The equality classification follows by analysing when every inequality in the induction is tight, forcing $L\otimes {\ell }^{-1}$ to also be a Clifford equality, and iterating down to degree 0 or degree 2.

Connections [Master]

• Petri map and Gieseker-Petri 04.04.08 — the Petri map ${\mu }_0$ controls the kernel that appears in the dimension count for Clifford's inequality; injectivity of ${\mu }_0$ for a general curve is the deeper reason why equality is rare.

• Riemann-Roch theorem 04.04.01 — the relation $h^0(L)-h^0(K_C\otimes L^{-1})=d-g+1$ provides the numerical input for the residuation argument in the proof of Clifford's inequality.

• Canonical sheaf 04.08.02 — the canonical bundle $K_C$ is one of the three equality cases of Clifford's theorem, and the canonical map ${\varphi }_{K_C}$ is an embedding iff $C$ is not hyperelliptic (Noether's theorem).

• Martens' theorem 04.04.10 — the dimension bound $\dim W_d^r\le d-2r-2$ is a strengthening of the Clifford inequality from a statement about one line bundle to a statement about the family of all line bundles with given numerical invariants.

• Gonality 04.04.11 — the Clifford index $\mathrm{Cliff}(C)$ is bounded above by $\mathrm{gon}(C)-2$, and for most curves these invariants agree.

Historical & philosophical context [Master]

William Kingdon Clifford stated the inequality bearing his name in the 1878 paper On the Classification of Loci ^{[Clifford 1878]}. Clifford worked in the classical setting of algebraic curves in the complex plane, and his result was originally formulated in terms of the dimension of complete linear series on a special divisor.

The modern proof via the Petri map and the equality classification are due to several authors.
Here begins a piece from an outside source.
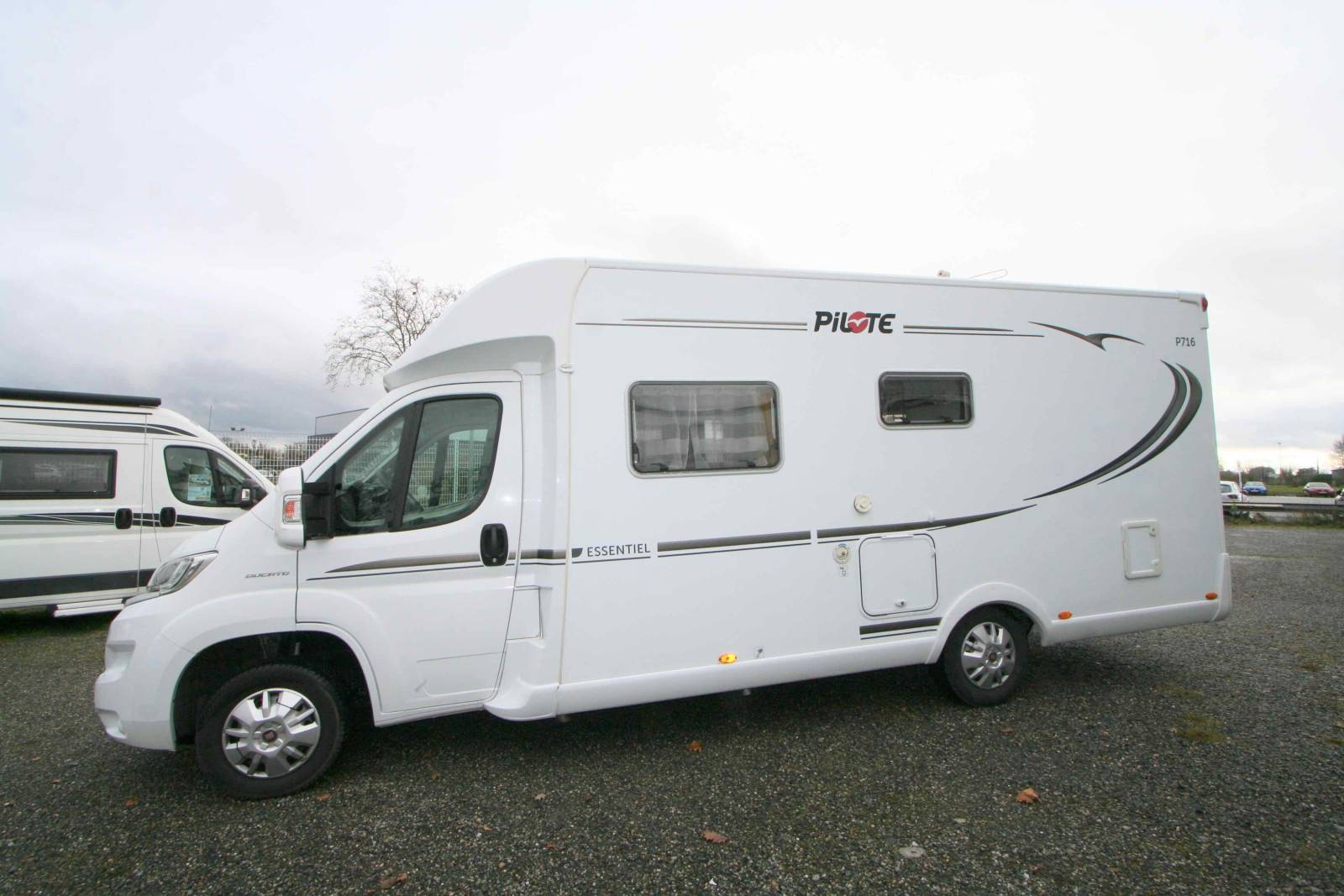 Achat camping-car occasion profilé familial,u lit à la française, lit de pavillon, 5 places, Boîte automatique, Pilote P716 P,  chez Vacances et Loisirs à Roque proche de Toulouse (31)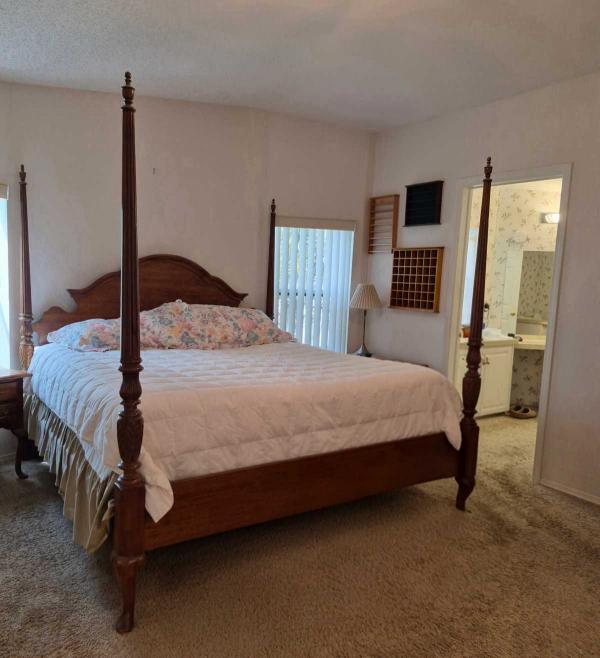 2000 Jacobsen Manufactured Home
The connection between Clifford's theorem and the Petri map was made explicit by Arbarello, Cornalba, Griffiths, and Harris in Geometry of Algebraic Curves Vol. I (1985). The Clifford index as a curve invariant was introduced by Coppens and Martens in the 1990s.
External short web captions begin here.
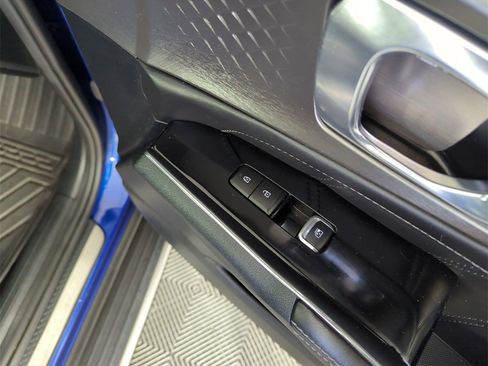 Used 2023 Kia Sorento SX image 37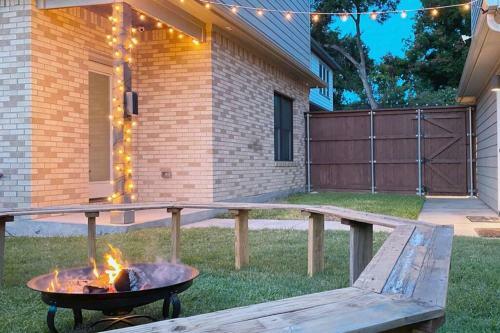 Luxury Executive Home - 300 Yds From Katy Trail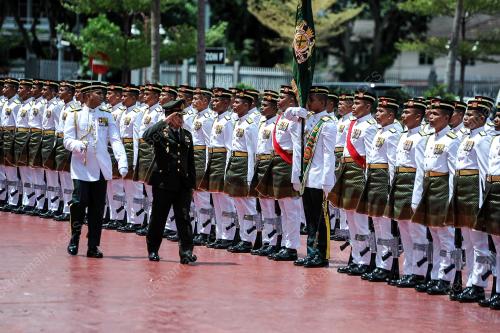 KL05_04042017_MINDEF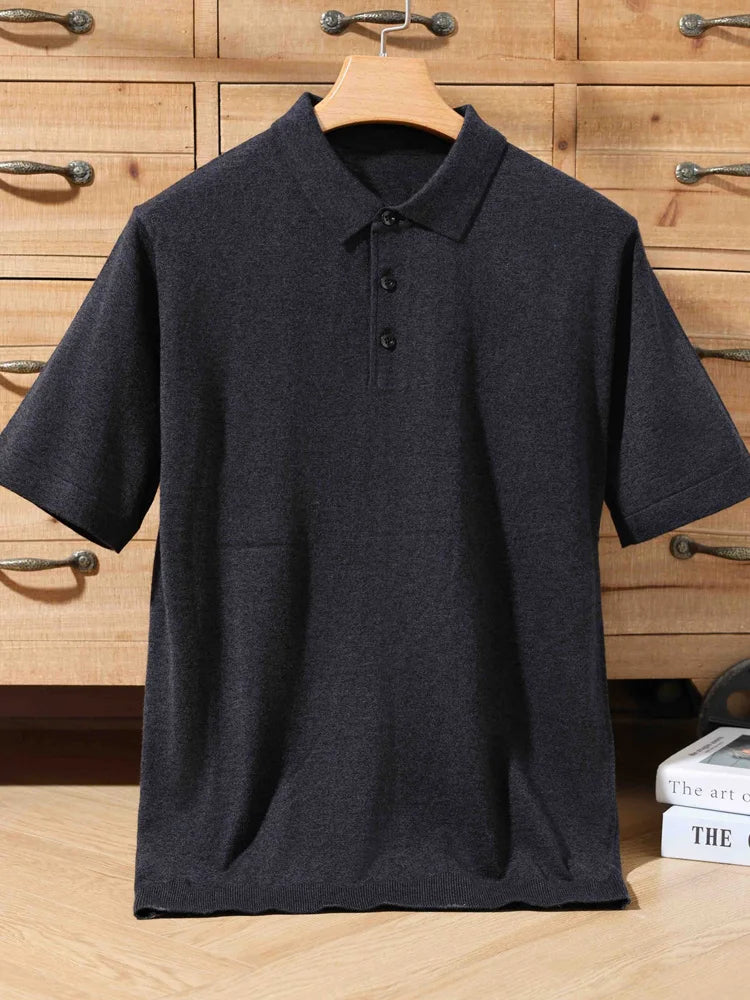 Polo de lã tricô grafite escuro, gola polo e botões na parte frontal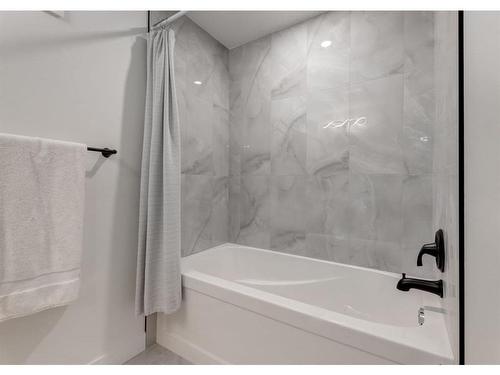5355 Lakeview Drive Sw, Calgary, AB - Indoor Photo Showing Bathroom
The philosophical significance: Clifford's theorem is the first obstruction to the existence of "too many sections." Before Clifford, Riemann-Roch gave a relation between $h^0(L)$ and $h^0(K_C\otimes L^{-1})$, but no absolute bound. Clifford provides the absolute bound for the special case, and the three equality cases are the three simplest types of line bundle on a curve.

Bibliography [Master]

• Clifford, W.K. (1878). On the Classification of Loci. Phil. Trans. Royal Soc. London. [Originator paper.]
• Arbarello, E.; Cornalba, M.; Griffiths, P.; Harris, J. Geometry of Algebraic Curves, Vol. I. Grundlehren 267. [Ch. I, Clifford's theorem and equality.]
• Hartshorne, R. Algebraic Geometry. Springer GTM 52, §IV.5. [Standard treatment.]
• Martens, H.H. (1967). On the variety of special linear systems on an algebraic curve. J. reine angew. Math. 227, 111-120. [Martens' theorem.]
• Coppens, M.; Martens, G. (1990s). Secant spaces and Clifford's theorem. J. Algebraic Geom. [Clifford index theory.]